La Meute au bord de l’émeute

Chloé DESPAX et Nora BOULANGER-HIRSCH, Meute, fiction sonore, d’après un texte de Ludovic Drouet. Prise de son et mixage de Pierre Devalet, montage de Chloé Despax et Nura Boulanger-Hirsch, URL : https://soundcloud.com/chloedespax/meute

meute fiction radiophoniquePremier volet du triptyque Baron Samedi, écrit par l’auteur de théâtre Ludovic Drouet et monté par Chloé Despax et Nura Boulanger-Hirsch, la fiction radiophonique Meute livre un conte noir doux-amer, entre rêverie tendre et apocalypse, harmonie champêtre et rupture violente, sous le signe de l’inquiétante étrangeté.

Un homme (interprété avec brio par le comédien Didier De Neck) vit retiré à la campagne. Dans une petite zone de cinq petits villages survivant autour d’une unique grande surface. Il vit seul. Dans le regret d’une compagne qui lui disait de ne pas trop regarder ses souliers en marchant. Qui était cette femme ? Comment ou pourquoi a-t-elle disparu ?
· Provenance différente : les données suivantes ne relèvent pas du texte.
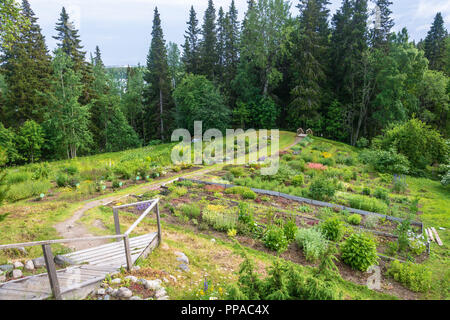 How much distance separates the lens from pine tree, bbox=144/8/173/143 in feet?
94.4

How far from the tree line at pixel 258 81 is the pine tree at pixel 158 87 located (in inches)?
4.9

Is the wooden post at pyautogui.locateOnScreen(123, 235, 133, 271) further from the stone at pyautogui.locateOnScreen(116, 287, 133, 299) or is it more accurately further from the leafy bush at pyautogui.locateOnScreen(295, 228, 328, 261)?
the leafy bush at pyautogui.locateOnScreen(295, 228, 328, 261)

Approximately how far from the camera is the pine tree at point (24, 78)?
2167 centimetres

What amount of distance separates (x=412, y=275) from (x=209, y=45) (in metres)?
29.5

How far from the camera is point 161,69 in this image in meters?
29.2

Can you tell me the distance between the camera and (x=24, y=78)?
71.7 ft

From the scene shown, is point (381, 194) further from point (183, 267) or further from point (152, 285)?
point (152, 285)

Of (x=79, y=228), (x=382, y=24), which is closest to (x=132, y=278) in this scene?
(x=79, y=228)

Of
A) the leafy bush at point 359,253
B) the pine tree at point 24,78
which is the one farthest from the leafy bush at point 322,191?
the pine tree at point 24,78

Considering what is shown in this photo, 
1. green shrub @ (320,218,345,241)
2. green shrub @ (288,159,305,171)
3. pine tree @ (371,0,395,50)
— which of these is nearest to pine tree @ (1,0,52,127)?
green shrub @ (288,159,305,171)

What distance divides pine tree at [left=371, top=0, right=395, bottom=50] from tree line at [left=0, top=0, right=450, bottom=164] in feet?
0.32

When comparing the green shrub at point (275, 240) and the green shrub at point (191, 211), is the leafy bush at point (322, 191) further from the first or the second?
the green shrub at point (191, 211) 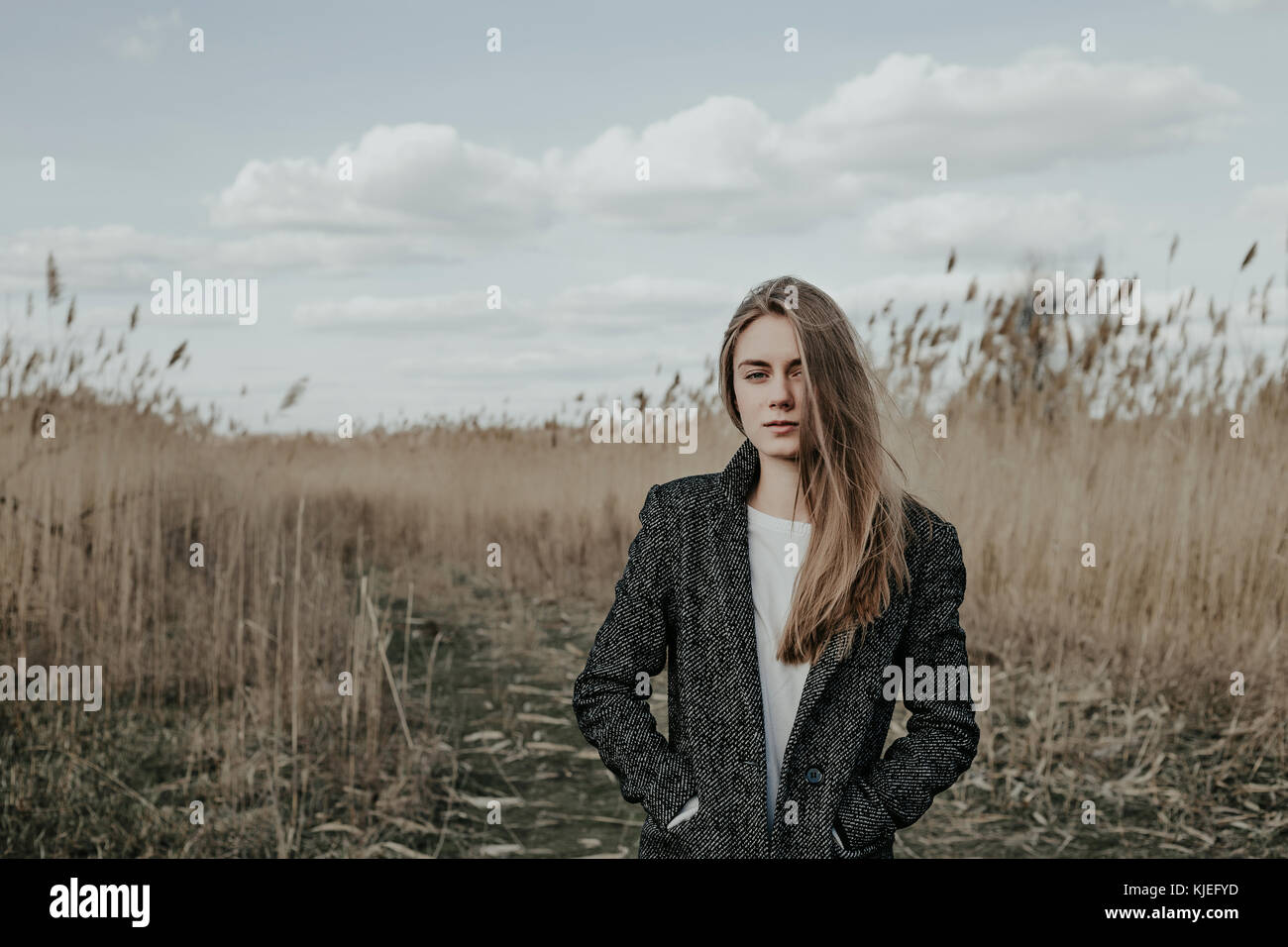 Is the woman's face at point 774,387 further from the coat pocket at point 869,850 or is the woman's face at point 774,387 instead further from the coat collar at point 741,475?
the coat pocket at point 869,850

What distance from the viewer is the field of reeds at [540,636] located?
3.53m

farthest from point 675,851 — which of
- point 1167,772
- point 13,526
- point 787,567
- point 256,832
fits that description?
point 13,526

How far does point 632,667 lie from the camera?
1.74m

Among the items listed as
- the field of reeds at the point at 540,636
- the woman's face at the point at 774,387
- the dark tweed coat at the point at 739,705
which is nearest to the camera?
the dark tweed coat at the point at 739,705

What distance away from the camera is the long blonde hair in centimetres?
166

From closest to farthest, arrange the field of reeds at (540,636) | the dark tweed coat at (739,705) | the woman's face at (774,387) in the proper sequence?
the dark tweed coat at (739,705) → the woman's face at (774,387) → the field of reeds at (540,636)

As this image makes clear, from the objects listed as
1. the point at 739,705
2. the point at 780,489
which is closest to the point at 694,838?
the point at 739,705

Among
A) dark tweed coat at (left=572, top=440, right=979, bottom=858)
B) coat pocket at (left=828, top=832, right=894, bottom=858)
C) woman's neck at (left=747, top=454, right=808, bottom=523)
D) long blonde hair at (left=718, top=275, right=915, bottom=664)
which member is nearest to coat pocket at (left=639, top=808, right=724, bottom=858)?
dark tweed coat at (left=572, top=440, right=979, bottom=858)

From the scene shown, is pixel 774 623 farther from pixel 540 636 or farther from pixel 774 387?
pixel 540 636

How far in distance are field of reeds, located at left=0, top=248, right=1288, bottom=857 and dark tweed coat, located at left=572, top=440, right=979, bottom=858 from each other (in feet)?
1.17

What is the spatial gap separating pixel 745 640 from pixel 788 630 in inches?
2.7

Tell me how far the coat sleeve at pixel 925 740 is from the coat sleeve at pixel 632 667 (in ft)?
1.00

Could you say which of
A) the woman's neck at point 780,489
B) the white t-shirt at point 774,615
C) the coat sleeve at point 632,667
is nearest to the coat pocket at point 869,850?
the white t-shirt at point 774,615

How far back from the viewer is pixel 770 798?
5.35 feet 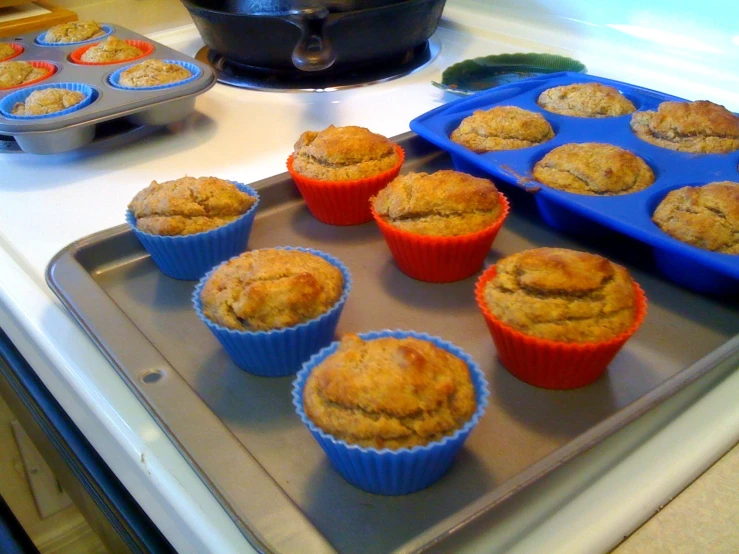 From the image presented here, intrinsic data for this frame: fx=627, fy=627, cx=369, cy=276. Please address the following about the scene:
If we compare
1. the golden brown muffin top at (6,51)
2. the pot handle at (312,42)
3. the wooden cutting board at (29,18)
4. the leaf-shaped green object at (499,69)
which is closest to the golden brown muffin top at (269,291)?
the pot handle at (312,42)

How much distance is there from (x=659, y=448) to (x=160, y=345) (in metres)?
0.68

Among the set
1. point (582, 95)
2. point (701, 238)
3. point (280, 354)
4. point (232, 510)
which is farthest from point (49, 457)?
point (582, 95)

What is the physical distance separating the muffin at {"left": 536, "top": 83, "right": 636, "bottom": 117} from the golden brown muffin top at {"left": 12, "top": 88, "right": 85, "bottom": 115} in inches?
41.8

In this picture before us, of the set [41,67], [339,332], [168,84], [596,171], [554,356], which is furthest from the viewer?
[41,67]

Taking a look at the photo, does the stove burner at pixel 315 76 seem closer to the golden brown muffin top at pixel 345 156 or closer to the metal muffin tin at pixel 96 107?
the metal muffin tin at pixel 96 107

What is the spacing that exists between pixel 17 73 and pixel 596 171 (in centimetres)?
137

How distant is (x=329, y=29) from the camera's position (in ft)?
4.92

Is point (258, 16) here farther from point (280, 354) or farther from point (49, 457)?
point (49, 457)

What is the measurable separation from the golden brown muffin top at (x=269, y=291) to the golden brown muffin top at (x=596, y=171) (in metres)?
0.46

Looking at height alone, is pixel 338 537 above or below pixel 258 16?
below

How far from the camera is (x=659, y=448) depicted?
0.71m

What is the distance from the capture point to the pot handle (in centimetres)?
130

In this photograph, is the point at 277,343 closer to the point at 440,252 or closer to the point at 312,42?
the point at 440,252

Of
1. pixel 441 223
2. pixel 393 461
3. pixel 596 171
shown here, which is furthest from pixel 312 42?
pixel 393 461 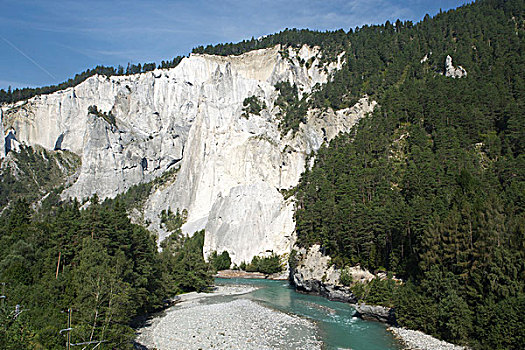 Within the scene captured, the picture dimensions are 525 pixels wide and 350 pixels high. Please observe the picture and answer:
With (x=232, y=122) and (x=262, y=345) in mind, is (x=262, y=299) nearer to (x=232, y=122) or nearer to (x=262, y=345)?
(x=262, y=345)

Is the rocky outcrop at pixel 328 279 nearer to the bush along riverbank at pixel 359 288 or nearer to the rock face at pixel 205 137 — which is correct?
the bush along riverbank at pixel 359 288

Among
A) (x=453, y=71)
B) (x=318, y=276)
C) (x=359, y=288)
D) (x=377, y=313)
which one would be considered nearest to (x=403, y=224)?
(x=359, y=288)

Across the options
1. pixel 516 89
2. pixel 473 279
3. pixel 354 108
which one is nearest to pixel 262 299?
pixel 473 279

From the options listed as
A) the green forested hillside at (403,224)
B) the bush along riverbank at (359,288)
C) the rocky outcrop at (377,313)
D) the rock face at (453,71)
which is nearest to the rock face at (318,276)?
the bush along riverbank at (359,288)

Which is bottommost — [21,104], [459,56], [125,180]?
[125,180]

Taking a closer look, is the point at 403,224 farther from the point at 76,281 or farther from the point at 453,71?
the point at 453,71

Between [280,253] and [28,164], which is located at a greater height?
[28,164] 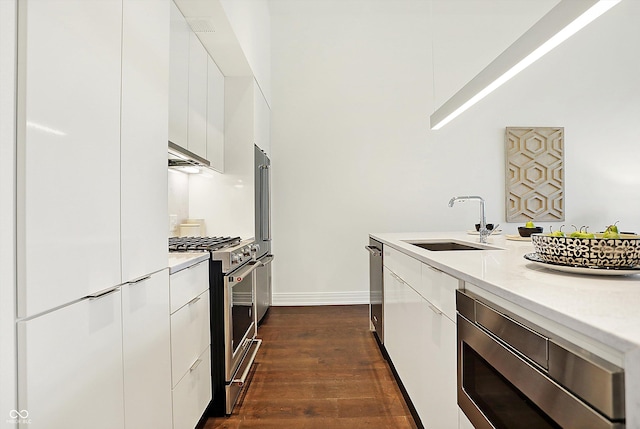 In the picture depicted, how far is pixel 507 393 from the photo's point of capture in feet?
2.93

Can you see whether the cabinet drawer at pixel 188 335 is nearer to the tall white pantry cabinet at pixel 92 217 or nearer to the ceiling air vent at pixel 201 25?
the tall white pantry cabinet at pixel 92 217

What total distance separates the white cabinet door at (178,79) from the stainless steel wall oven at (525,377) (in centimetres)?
173

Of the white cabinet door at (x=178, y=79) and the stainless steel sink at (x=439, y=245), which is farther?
the stainless steel sink at (x=439, y=245)

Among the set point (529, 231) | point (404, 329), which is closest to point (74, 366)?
point (404, 329)

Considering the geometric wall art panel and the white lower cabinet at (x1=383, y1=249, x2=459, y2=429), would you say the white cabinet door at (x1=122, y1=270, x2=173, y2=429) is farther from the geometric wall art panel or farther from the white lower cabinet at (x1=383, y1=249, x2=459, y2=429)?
the geometric wall art panel

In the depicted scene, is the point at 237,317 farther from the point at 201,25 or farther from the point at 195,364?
the point at 201,25

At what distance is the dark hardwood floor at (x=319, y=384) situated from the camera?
1820 mm

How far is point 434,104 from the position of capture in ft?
14.0

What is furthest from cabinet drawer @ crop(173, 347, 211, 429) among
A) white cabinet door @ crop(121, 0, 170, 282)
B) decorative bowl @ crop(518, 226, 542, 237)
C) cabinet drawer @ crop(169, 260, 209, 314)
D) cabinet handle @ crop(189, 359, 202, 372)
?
decorative bowl @ crop(518, 226, 542, 237)

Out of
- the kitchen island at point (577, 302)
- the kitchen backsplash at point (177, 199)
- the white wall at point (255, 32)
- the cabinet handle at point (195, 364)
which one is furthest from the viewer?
the kitchen backsplash at point (177, 199)

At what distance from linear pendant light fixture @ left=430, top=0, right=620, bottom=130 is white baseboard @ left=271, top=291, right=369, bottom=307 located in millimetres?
2670

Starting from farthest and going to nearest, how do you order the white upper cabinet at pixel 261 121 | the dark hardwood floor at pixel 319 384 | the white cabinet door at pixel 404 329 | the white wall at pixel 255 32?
the white upper cabinet at pixel 261 121, the white wall at pixel 255 32, the dark hardwood floor at pixel 319 384, the white cabinet door at pixel 404 329

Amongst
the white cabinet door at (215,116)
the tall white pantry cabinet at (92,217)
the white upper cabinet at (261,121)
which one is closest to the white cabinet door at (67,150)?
the tall white pantry cabinet at (92,217)

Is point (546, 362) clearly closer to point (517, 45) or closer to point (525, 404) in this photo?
point (525, 404) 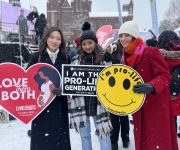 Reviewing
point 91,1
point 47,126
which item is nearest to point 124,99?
point 47,126

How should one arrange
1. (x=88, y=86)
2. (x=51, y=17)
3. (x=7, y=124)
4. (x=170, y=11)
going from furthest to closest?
(x=51, y=17), (x=170, y=11), (x=7, y=124), (x=88, y=86)

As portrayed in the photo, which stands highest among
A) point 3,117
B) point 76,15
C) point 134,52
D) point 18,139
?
point 76,15

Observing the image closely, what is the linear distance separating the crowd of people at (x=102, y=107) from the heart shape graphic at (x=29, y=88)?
0.32ft

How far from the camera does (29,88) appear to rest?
7.86 ft

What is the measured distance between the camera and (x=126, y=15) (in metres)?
68.9

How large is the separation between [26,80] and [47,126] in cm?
56

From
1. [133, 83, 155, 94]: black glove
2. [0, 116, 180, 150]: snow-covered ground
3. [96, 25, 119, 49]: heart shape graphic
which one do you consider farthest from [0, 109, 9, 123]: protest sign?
[133, 83, 155, 94]: black glove

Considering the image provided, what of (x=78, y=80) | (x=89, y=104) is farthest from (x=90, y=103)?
(x=78, y=80)

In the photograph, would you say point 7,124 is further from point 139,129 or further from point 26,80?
point 139,129

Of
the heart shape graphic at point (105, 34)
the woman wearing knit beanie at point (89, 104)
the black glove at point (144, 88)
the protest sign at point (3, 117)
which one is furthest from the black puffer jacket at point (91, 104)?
the heart shape graphic at point (105, 34)

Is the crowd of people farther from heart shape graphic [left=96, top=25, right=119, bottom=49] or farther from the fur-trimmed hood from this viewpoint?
heart shape graphic [left=96, top=25, right=119, bottom=49]

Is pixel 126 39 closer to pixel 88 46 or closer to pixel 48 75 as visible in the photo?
pixel 88 46

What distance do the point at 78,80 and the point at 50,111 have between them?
515mm

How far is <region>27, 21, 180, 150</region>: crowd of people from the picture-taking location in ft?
6.73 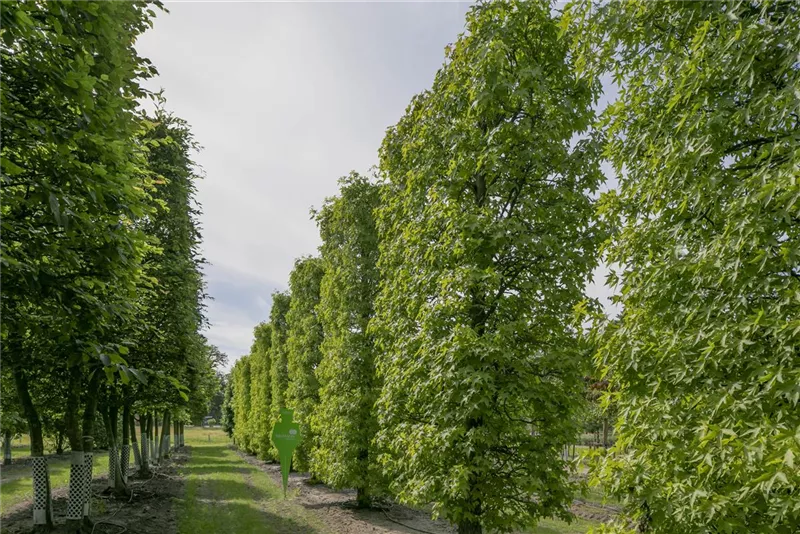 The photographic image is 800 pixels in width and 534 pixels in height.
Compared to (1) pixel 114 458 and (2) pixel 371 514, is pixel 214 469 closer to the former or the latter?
(1) pixel 114 458

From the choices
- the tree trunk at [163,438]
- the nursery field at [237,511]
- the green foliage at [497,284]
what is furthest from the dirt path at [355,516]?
the tree trunk at [163,438]

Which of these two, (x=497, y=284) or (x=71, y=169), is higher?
(x=71, y=169)

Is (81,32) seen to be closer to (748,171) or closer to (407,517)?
(748,171)

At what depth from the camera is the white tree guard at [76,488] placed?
10.7 m

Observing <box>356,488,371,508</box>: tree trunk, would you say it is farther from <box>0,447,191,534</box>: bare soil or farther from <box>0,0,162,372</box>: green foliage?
<box>0,0,162,372</box>: green foliage

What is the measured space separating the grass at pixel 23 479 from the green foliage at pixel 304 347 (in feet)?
32.4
L’homme se promène chaque jour, en regardant ses pieds, en sachant qu’il devrait lever le regard. Il remarque pourtant un chien, qui le suit jusque chez lui. Il est content. Ce soir, il partagera son repas, un steak pour chacun, l’homme et l’animal. Mais, le lendemain, deux chiens, cette fois, croisent sa balade et le suivent. Il décide d’aller se renflouer au supermarché pour élargir la tablée. Le surlendemain, trois chiens apparaissent. Puis quatre, puis cinq, sans cesse davantage. Un jour, il n’a pas de quoi sustenter ses invités et l’un d’eux lui mange la main. Il continue pourtant à se réjouir de croiser des chiens, de les voir le suivre et partager ses repas. Jusqu’où cette situation peut-elle perdurer ? Jusqu’où l’interaction homme-animaux peut-elle les mener ? Le supermarché, les villages sont-ils en danger ?

Derrière un texte fluide et vivant, des allures de conte, animé par un excellent comédien et ambiancé par des bruitages inquiétants, le récit interpelle et questionne.

Il y a, tout d’abord, le poids de la solitude qui peut frapper chacun, l’ablation d’une histoire qu’on ne peut partager. Il y a la violence aussi, larvée puis concrète. Le besoin de se fondre dans une meute, une appartenance à un groupe, de flécher sa vie, ses actes. Le besoin d’appartenance aux autres : supérieur au besoin d’appartenir à soi ?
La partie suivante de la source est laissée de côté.